Cependant, même s’ils pratiquent le télétravail, ces professionnels doivent se rendre ponctuellement dans leur entreprise ou en clientèle, parfois pour une seule journée dans la semaine. L’existence d’une liaison aérienne ou ferroviaire proche du domicile leur est donc indispensable.

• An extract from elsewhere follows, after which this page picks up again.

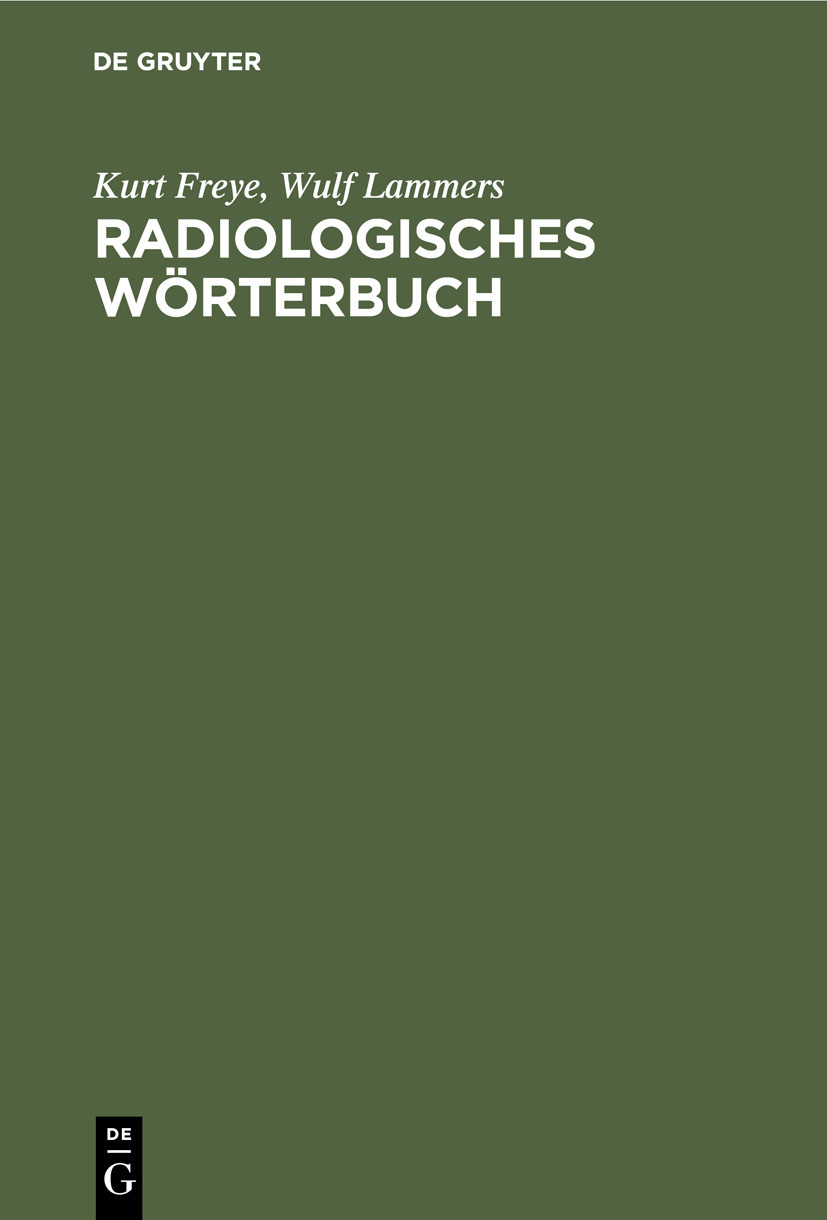 Cover Radiologisches Wörterbuch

Certaines villes moyennes ont pris conscience de cette mutation profonde : la ville d’Alès (département du Gard), par exemple, déploie des panneaux publicitaires dans Paris pour inciter les télétravailleurs à venir s’installer dans les Cévennes, mettant en avant la liaison TGV entre Nîmes et Paris, réalisée en trois heures, ce qui rend possible un aller-retour dans la journée.

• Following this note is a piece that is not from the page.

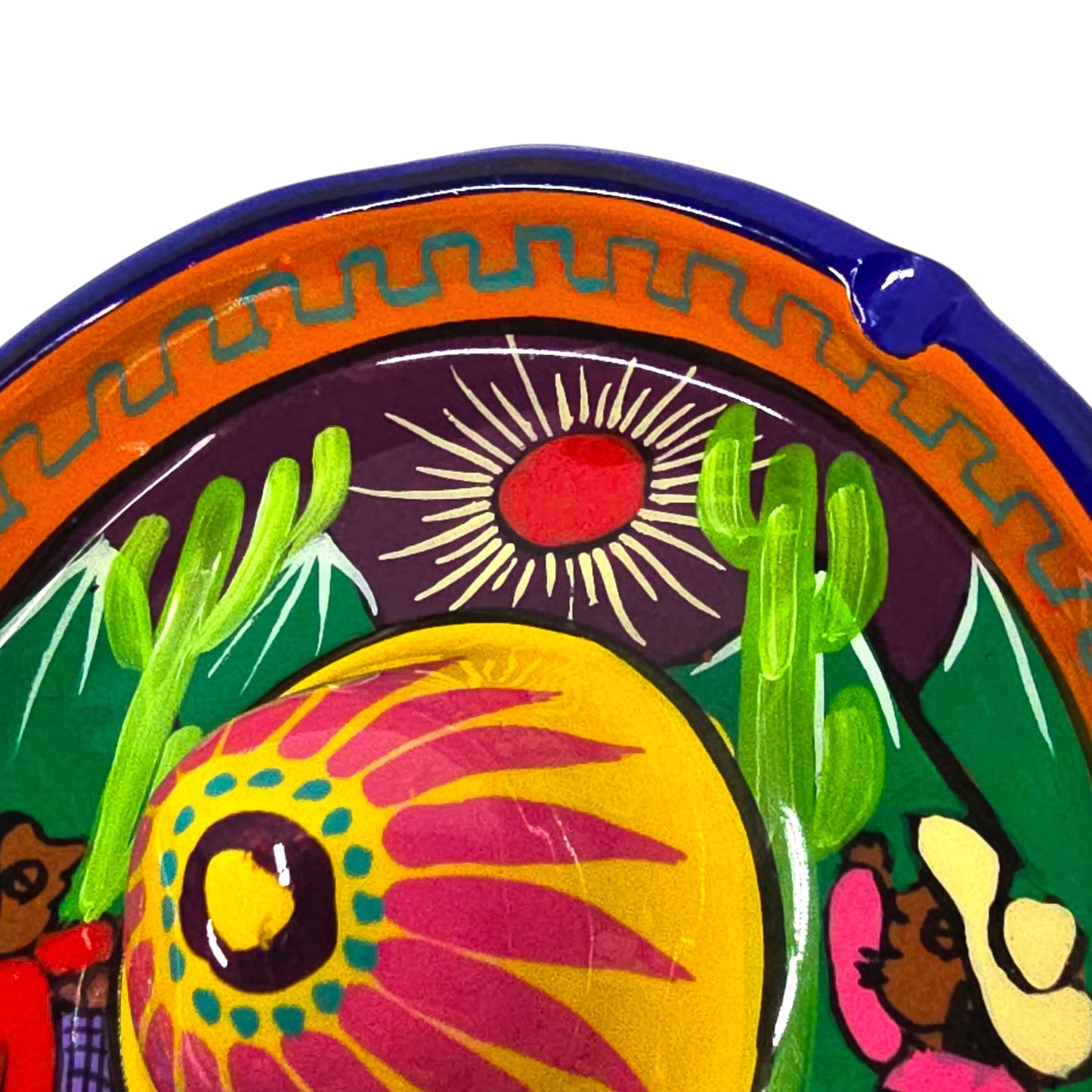 Vtg Mexican Folk Art Sombrero Ashtray Pottery Hand Painted Signed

Notre département a beaucoup mieux à offrir, en qualité de vie, que les Cévennes ! Mais encore faut-il avoir des transports permettant un aller-retour sur Paris dans la journée, ce qui n’est pas possible avec le TGV (plus de cinq heures pour un Perpignan-Paris). La décision d’Air France risque donc de nous faire manquer une opportunité unique d’attirer dans le département une population active, jeune, et dont le pouvoir d’achat élevé bénéficierait au tissu économique local, du BTP à la restauration en passant par l’aide à domicile. L’arrivée de cette population aurait aussi pour effet de stimuler les activités culturelles et sportives de nos villes.

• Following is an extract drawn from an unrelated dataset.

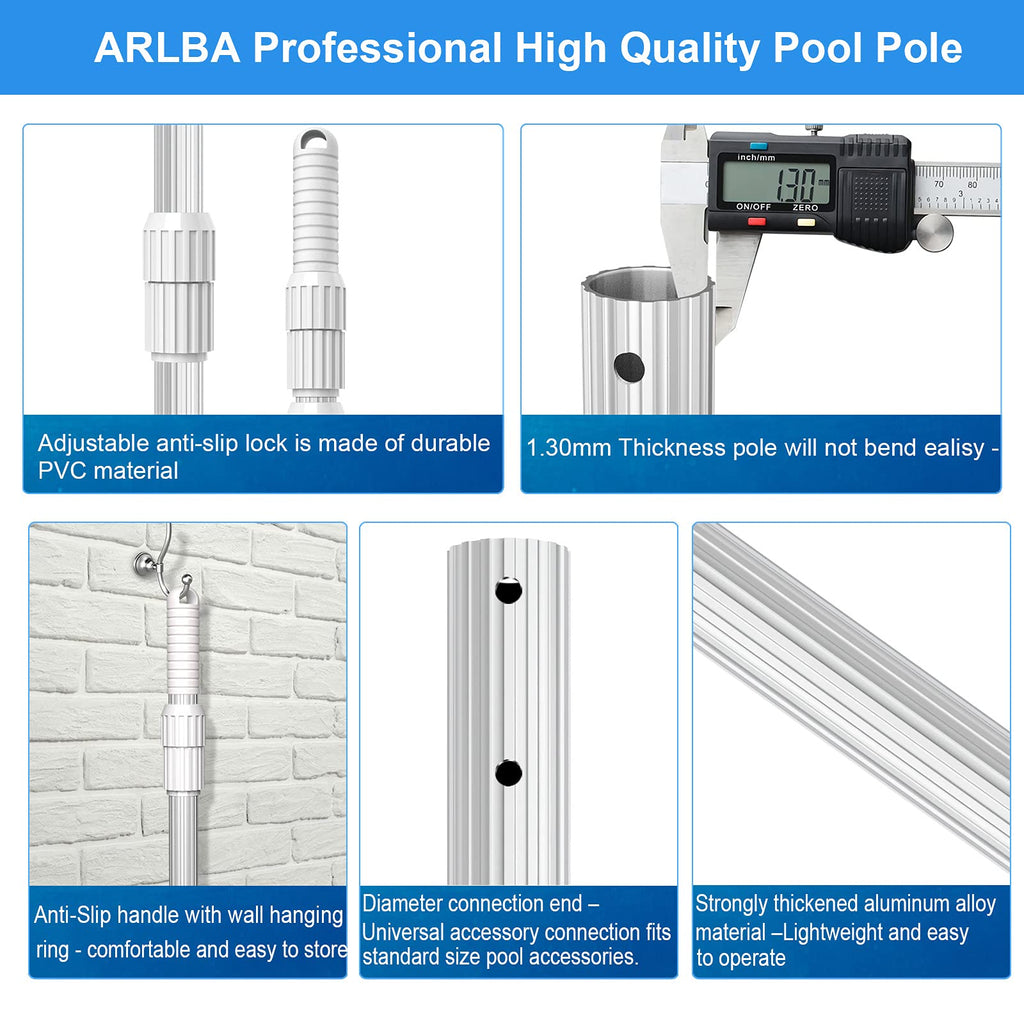 ARLBA Upgraded Professional 16.5 Feet Swimming Pool Pole Telescopic Aluminum Thicken 1.30mm Adjustable Fits Skimmer Net Rake Vacuum Head Brush Pool Cleaning Equipment Heavy Duty -Universal Fit 1-1/4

La décision d’Air France est d’autant plus scandaleuse que cette compagnie aérienne bénéfice d’une situation de monopole sur Perpignan, bafouant ainsi les sacro-saintes règles de l’économie de marché. Depuis la disparition de la concurrence (AOM et EAS), les prix d’Air France n’ont cessé d’augmenter, à tel point qu’un vol Paris-Perpignan le week-end peut couter plus cher qu’un vol Paris-New York. En fait, Air France, grâce à son monopole, réalise des marges énormes sur la ligne Paris-Perpignan. Les prix s’étaient quelque peu stabilisés cet été, en raison de la crise sanitaire, qui a réduit la demande de voyage – dans une économie de marché, lorsque la demande se réduit, les prix diminuent. Cependant, en réduisant l’offre de vol, Air France va pouvoir ré-augmenter les prix.

Pourtant, suite à la crise sanitaire, la compagnie aérienne est devenue de fait une entreprise publique puisqu’elle a reçu un montant record d’aides de l’Etat (sept milliards d’Euros !), et ne peut pas survivre sans ces aides. Les règles de l’économie de marché n’ont donc plus à s’appliquer. Une entreprise publique de transport aérien doit assurer des missions de service public. Et le maintien d’une desserte régulière Perpignan–Paris à des prix abordables correspond parfaitement à cette mission.

Espérons que les élus locaux sauront rappeler à l’Etat qu’il doit exercer ses droits sur Air France. On a du mal à imaginer que le premier ministre reste insensible à leur appel … Question d’autorité.

Eric Paget-Blanc, professeur des Universités

 

*Robert Vila (LR), président de la communauté Urbaine Perpignan-Méditerranée Métropole (PMM), maire de Saint-Estève, conseiller départemental, a également adressé un courrier au Président de la République, Emmanuel Macron, au Premier ministre, Jean Castex, ainsi qu’au P-DG de la compagnie aérienne Air France.